Making telephone calls from prison is considered a privilege. Inmates get about 15 minutes of collect calls every three days. All official calls are monitored or recorded. Cell phones are not."
June 29, 2007
There's no end to the iMadness. It's even brought on the launch of a new cocktail!
By the time the iPhone rolls out at 6 p.m. it'll be cocktail hour, and that means it's time for an iPhonetini. A special drink created specifically for this auspicious iPhone Day Zero occasion, from the self-proclaimed "best home bar in the city of San Francisco."
The country with the highest excitement level about the iPhone isnot the US, according to InfoWorld, but Taiwan.

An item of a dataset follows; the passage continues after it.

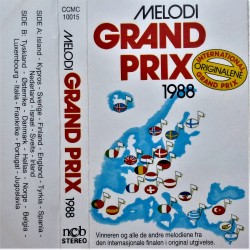 Grand Prix 1988- Originalene!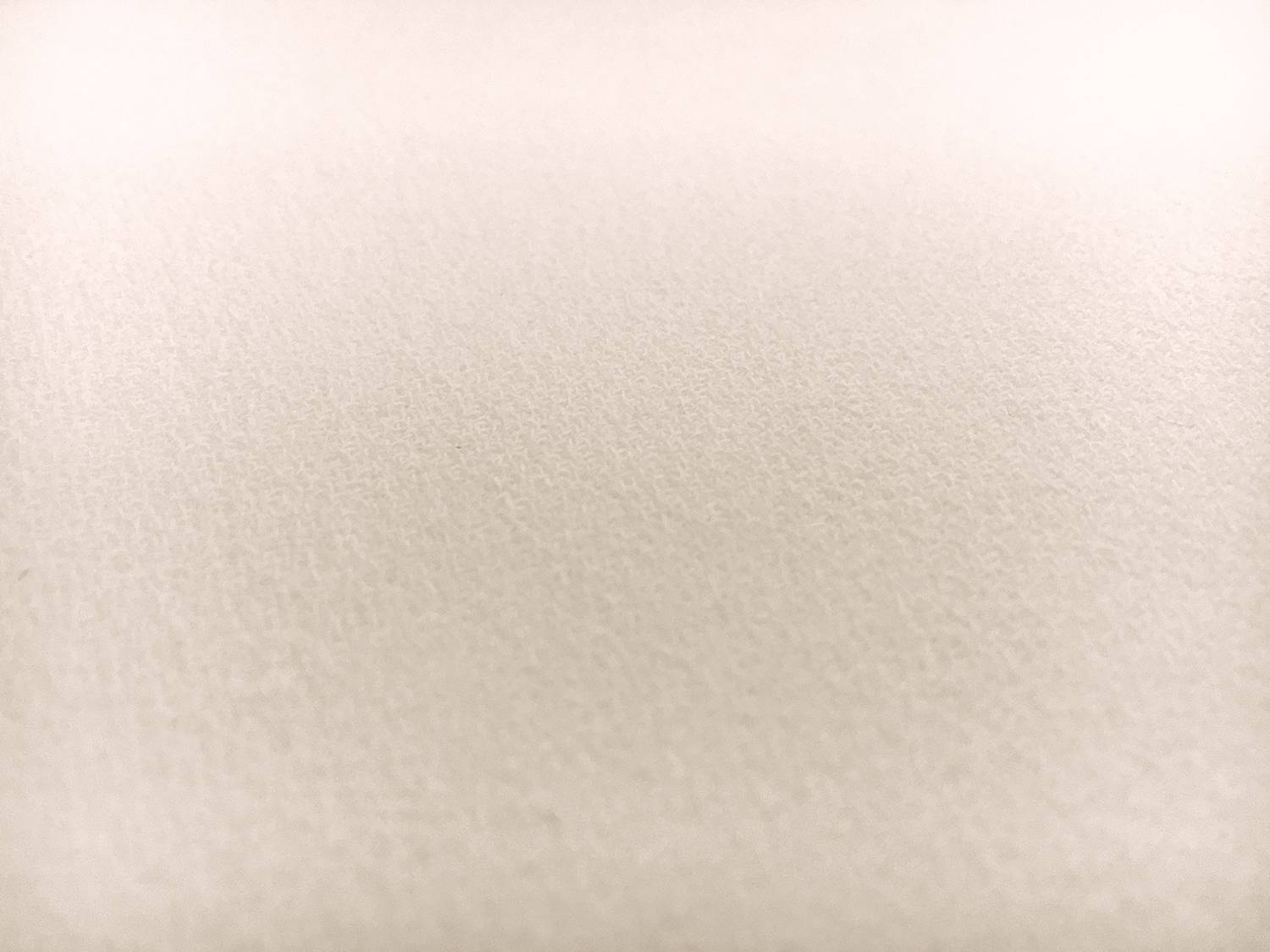Italian Wool Crepe in Bianco0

"The surest sign marketing hype surrounding Apple's iPhone has outdone itself is that a small island on the Pacific rim is abuzz over the device, despite the fact it won't be on sale here until next year at the earliest.
Part of the reason for the excitement is the number of technology savvy users in Taiwan who want to get their hands on one. And Internet auction sites are getting ready to sell them.

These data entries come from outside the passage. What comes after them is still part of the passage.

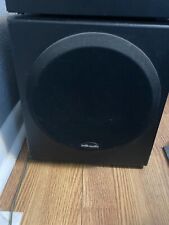 Polk Audio PSW-250 Powered Subwoofer for sale  Shipping to South Africa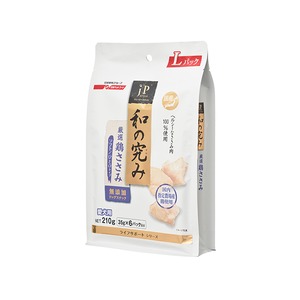 日清ペットフード JPスナック国産鶏ささみソフトひと口210g 【ペット用品】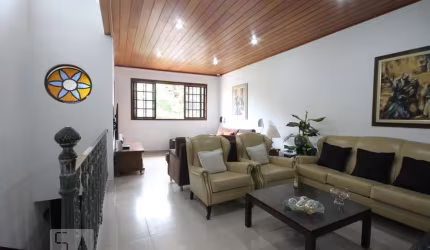 Casa à Venda - Cambuci, 3 Quartos,  204 m2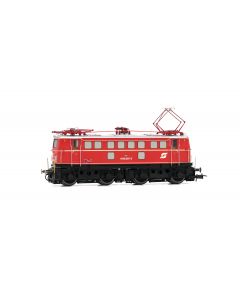 ÖBB El-Lok 1040 007-5 Zinnoberrot 3 Streifen neue Lüfter Aufstiegsleitern Ep.V DCS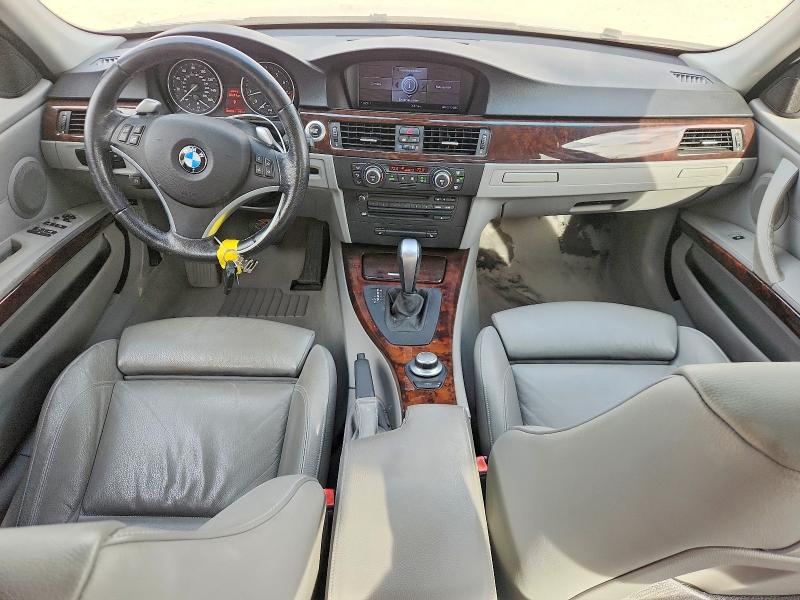 46455826 :رقم المزاد ، WBAVB735X7VH22282 vin ، 2007 Bmw 335 مزاد بيع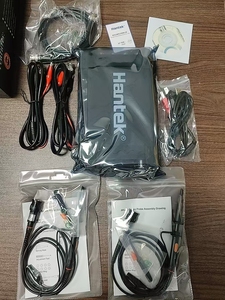 ออสซิลโลสโคปแบบดิจิตอล Hantek DSO Series ราคาดี รุ่น Hantek DSO2D15/DSO2C10/DSO-6254BD/DSO-6104B - Product Image 4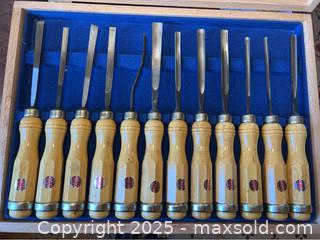 MaxSold Auction: Freud Woodworking Carving Tools - Point Edward (Ontario, Canada) SELLER MANAGED Estate Sale Online Auction -  Michigan Avenue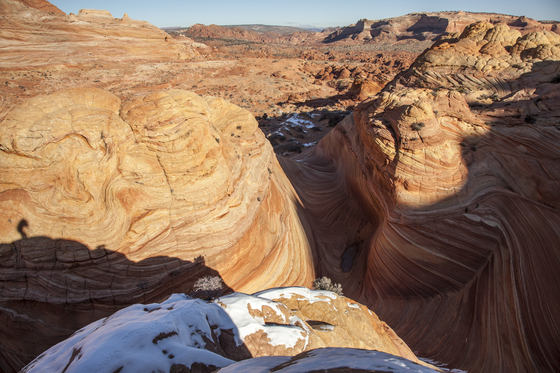 Paria Canyon-Vermillion Cliffs Wilderness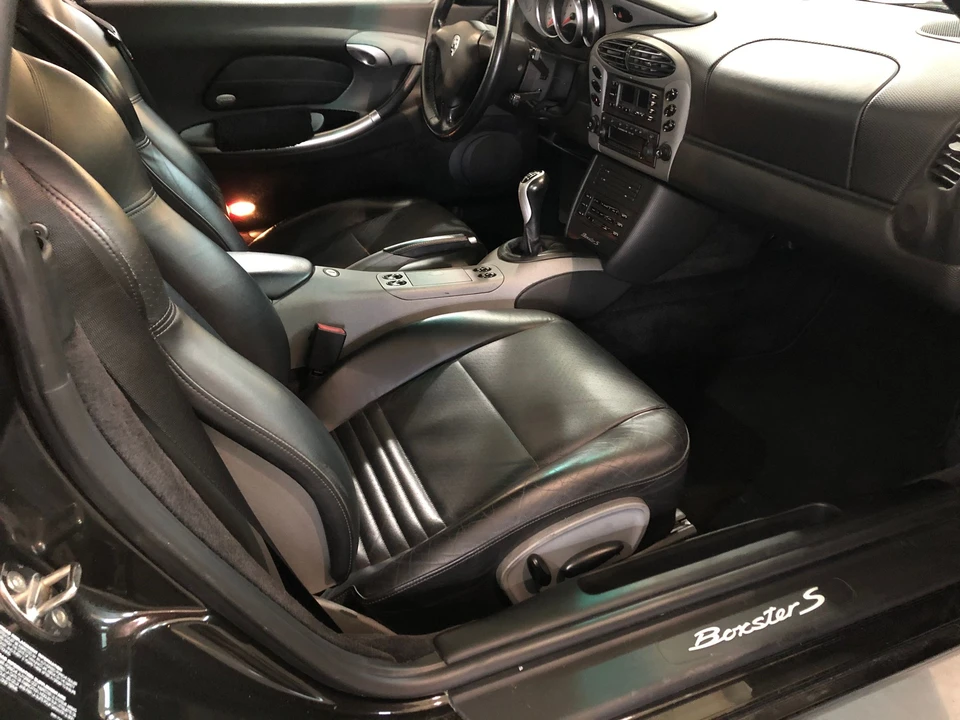 2000 Porsche 986 Boxster S - Image 10 of 20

Most of the sellers are up-front about the fact users may not be able to use the iPhone for phone calls in Taiwan, for now. "You may only be able to use the camera and music player function of the iPhone," writes one seller."

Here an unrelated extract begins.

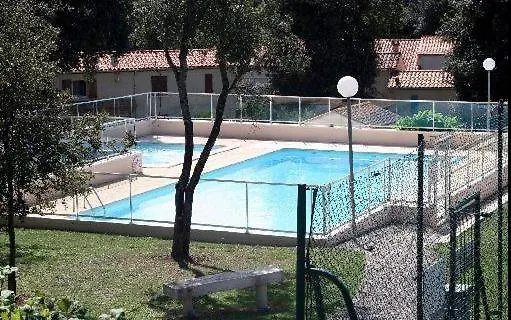 Maisonnette Familiale, Piscine Et Terrain De Tennis - Semesterbostad Meschers-sur-Gironde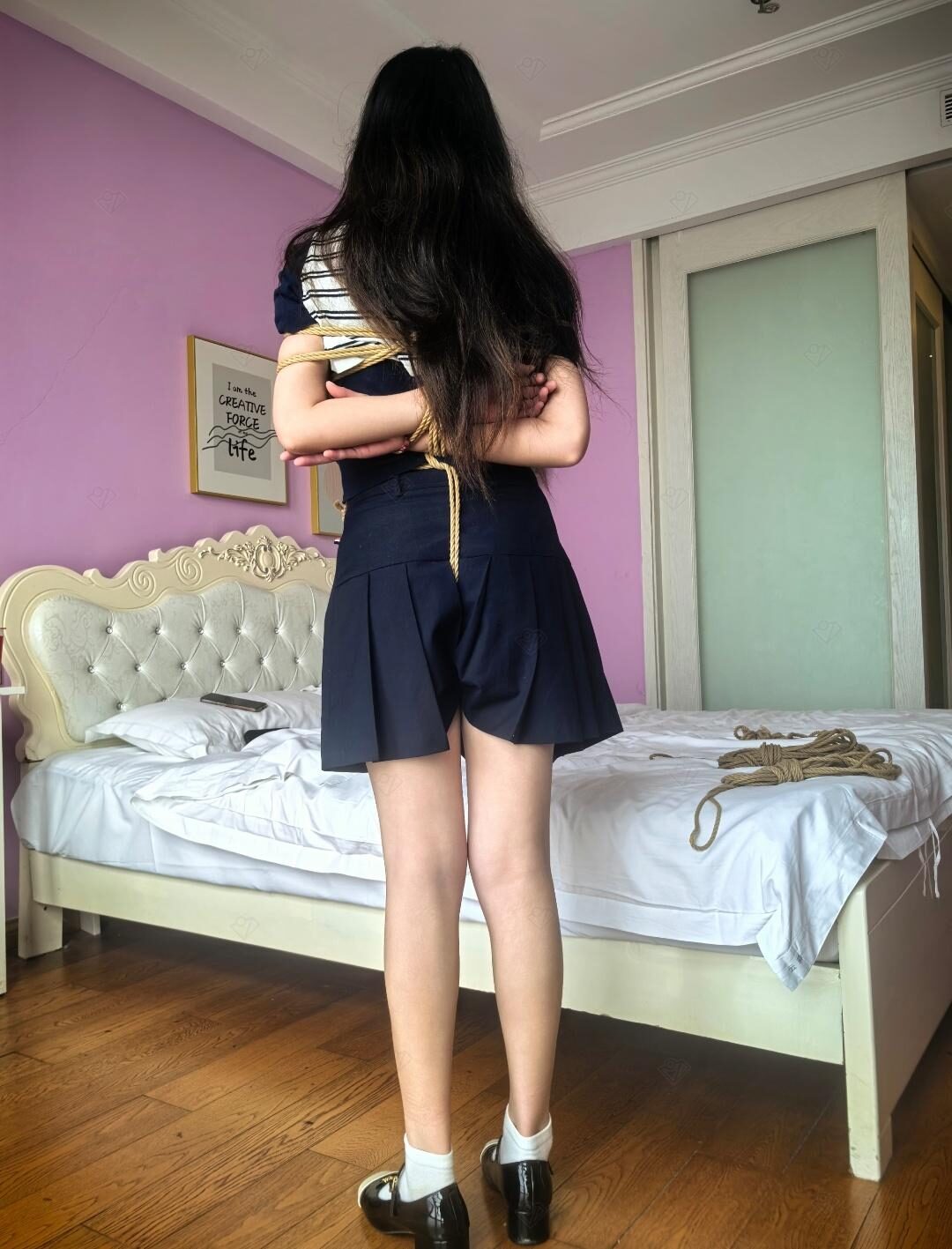 许久未见跳舞女主播的老乡！-2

More iPhone line waiting craziness.
A real ad from Craiglist:
“We have line waiters in every major city, for iPhone, X-box, iPod, Zune, SPS, Video Games, and other hot consumer electronic products and concerts and events. Don’t miss out. We have hundreds of line waiters, so those who need iPhones in bulk don’t have to wait for months. Call us now! Release is on Friday.
... Get an iPhone from the professionals who will stand in line and camp out on your behalf.”
Wang Yingde, a lawyer from Hunan Qishun Law Firm, has told local media that he will join with other Chinese consumers to launch a lawsuit against Nokia for including incorrect Chinese characters on Nokia phones, reports China Tech News.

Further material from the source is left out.